- Opening Delimiter -

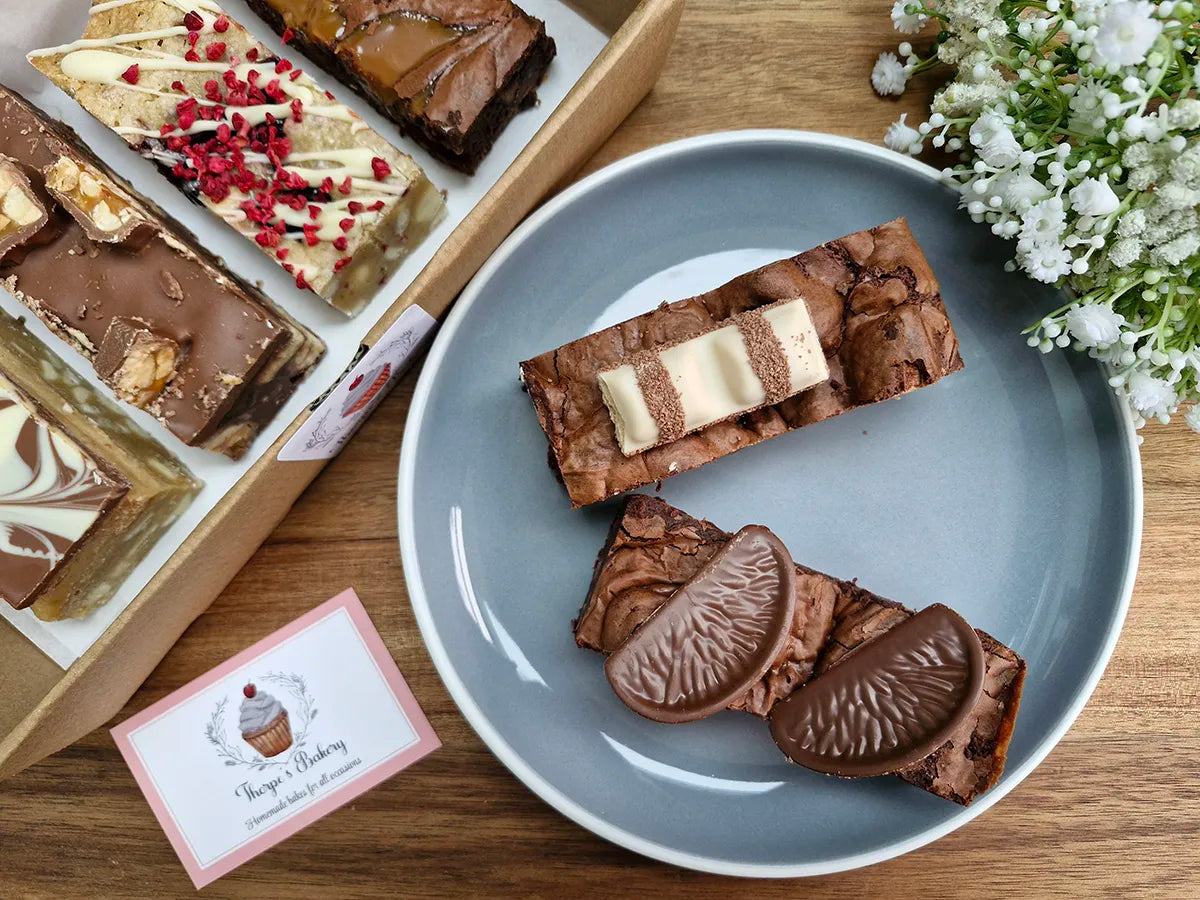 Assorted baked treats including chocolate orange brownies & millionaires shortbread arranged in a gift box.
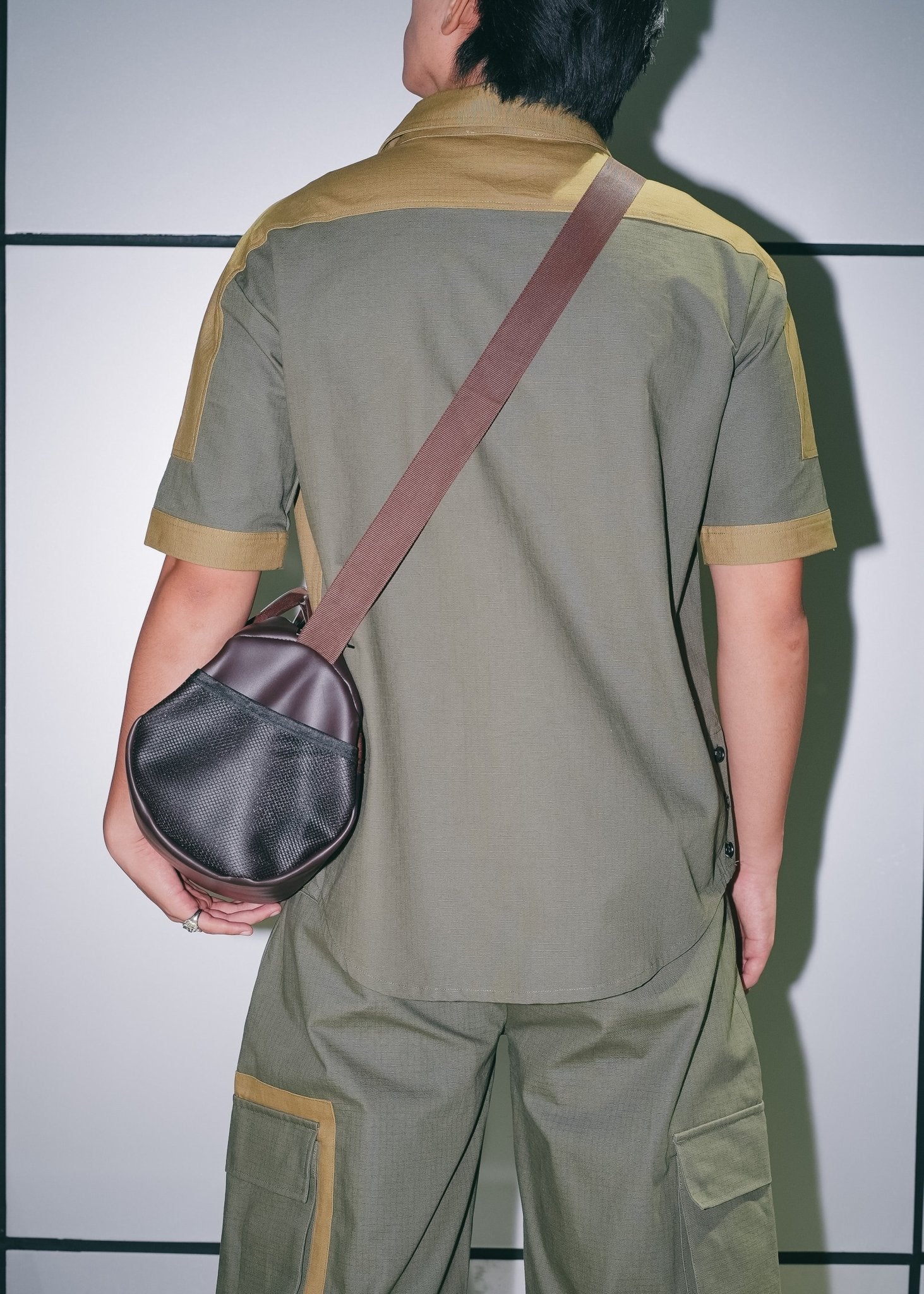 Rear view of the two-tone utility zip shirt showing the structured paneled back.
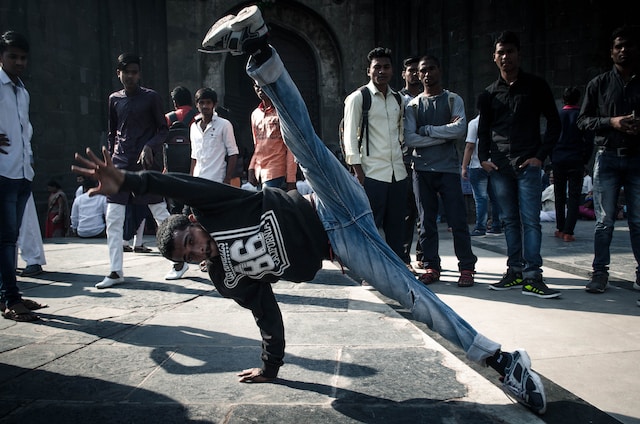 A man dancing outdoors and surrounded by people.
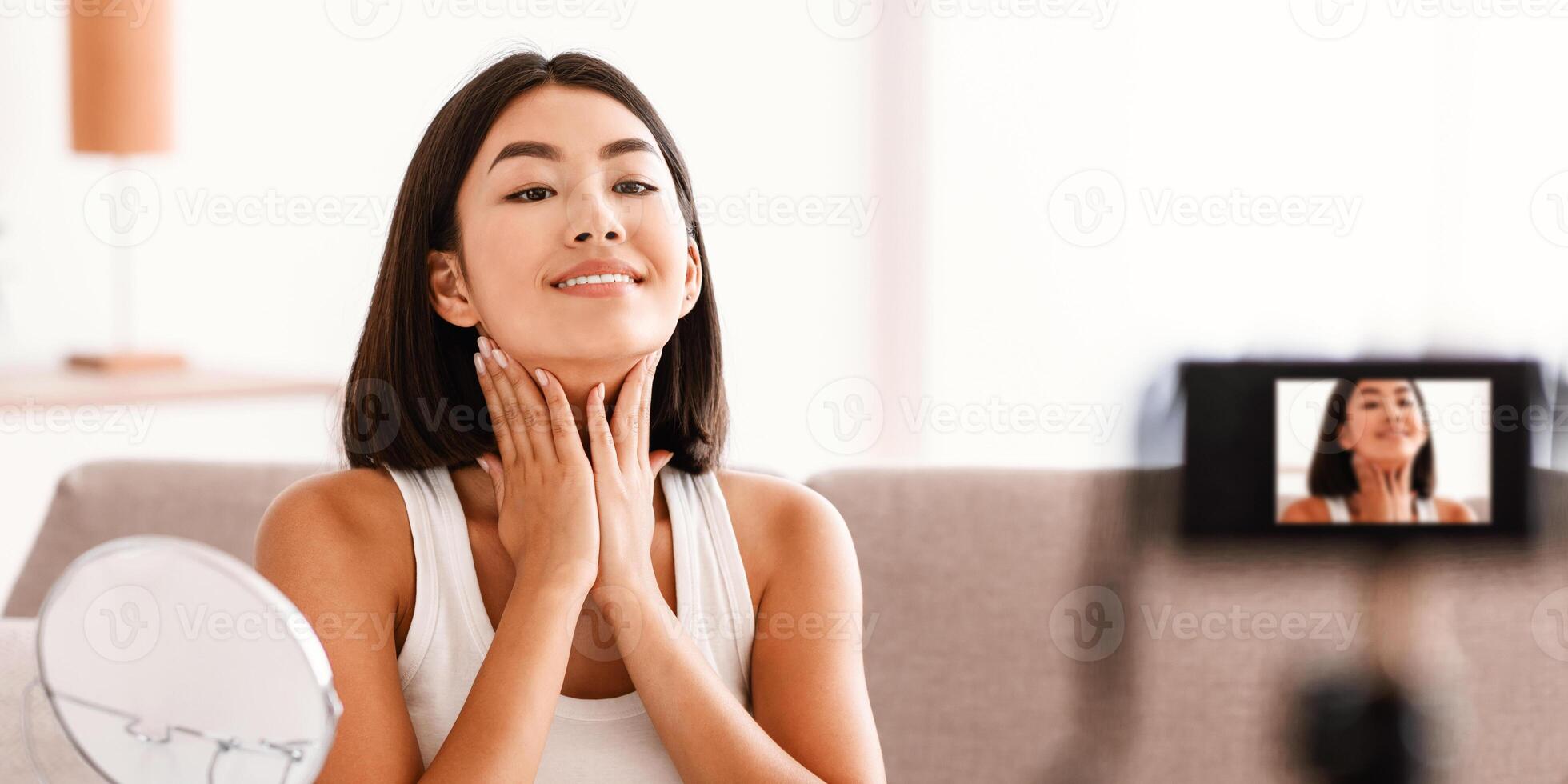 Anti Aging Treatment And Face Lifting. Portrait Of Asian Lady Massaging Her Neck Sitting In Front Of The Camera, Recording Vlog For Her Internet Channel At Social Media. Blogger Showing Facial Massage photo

- Closing Delimiter -

Your instructions: Give back all of the data exactly, but not the pictures.

Answer:
 Assorted baked treats including chocolate orange brownies & millionaires shortbread arranged in a gift box.
 Rear view of the two-tone utility zip shirt showing the structured paneled back.
 A man dancing outdoors and surrounded by people.
 Anti Aging Treatment And Face Lifting. Portrait Of Asian Lady Massaging Her Neck Sitting In Front Of The Camera, Recording Vlog For Her Internet Channel At Social Media. Blogger Showing Facial Massage photo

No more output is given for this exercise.